The relatives, pastor and doctor accompanying Big Daddy at this landmark anniversary often speak in a choric, choreographed manner. During furious duologues exposing the family’s numerous delusions, off-stage characters watch from a raised surround that might aptly be called a catwalk around a stage bare except for a table that can suggest bedroom or banquet. Maggie the Cat begins the play showering off-stage, prompting designer Rosanna Vize to shroud some scenes with a retractable railed drape invoking shower curtain, mosquito net and the family’s instinct to obscure the truth.

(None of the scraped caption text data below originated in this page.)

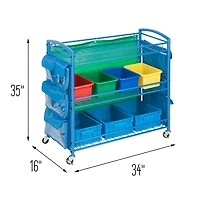 Honey Can Do All-Purpose Teaching Cart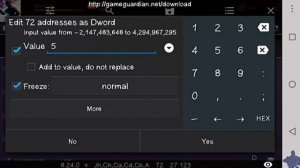 How to hack shadow fight 3 with game guardian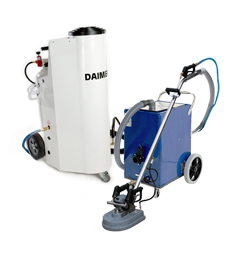 Daimer XTREME POWER HSC Heated Hard Surface Cleaners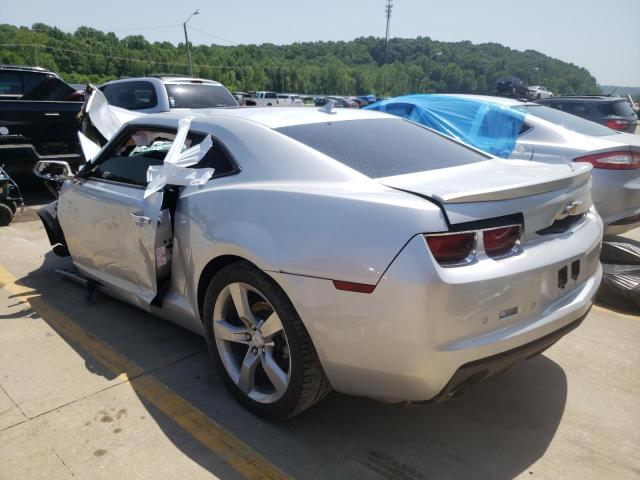 Photo 3 from auction – 2012 CHEVROLET CAMARO LT with VIN 2G1FC1E36C9209434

Modern dress and diverse casting shift the white supremacy implicit in the characters into more submerged forms of modern racial tension, positioning this version intriguingly between traditional stagings and the all-black casting of a 2009 Broadway and West End version. Themes of public and private mendacity – “we can make that lie come true” is a pivotal line – are anything but dated. This, with Miller’s All My Sons and Eugene O’Neill’s The Iceman Cometh, is one of the texts most justifying David Mamet’s claim: “All plays are about lies … when the lie is revealed, the play is over.”

Siena Kelly’s magnetic Maggie embodies the sleek, skittish, erotically frustrated energy in the title image. Peter Forbes’s Big Daddy, dominant but shrinking, wounded yet still fighting, feels consciously related to Brian Cox’s Logan Roy in HBO’s Succession, reasonably so as both are explicitly latter-day King Lears.

Classic revivals with a modern vision are sometimes derided as “director’s theatre”, but Almeida is always true to a play as great as its name.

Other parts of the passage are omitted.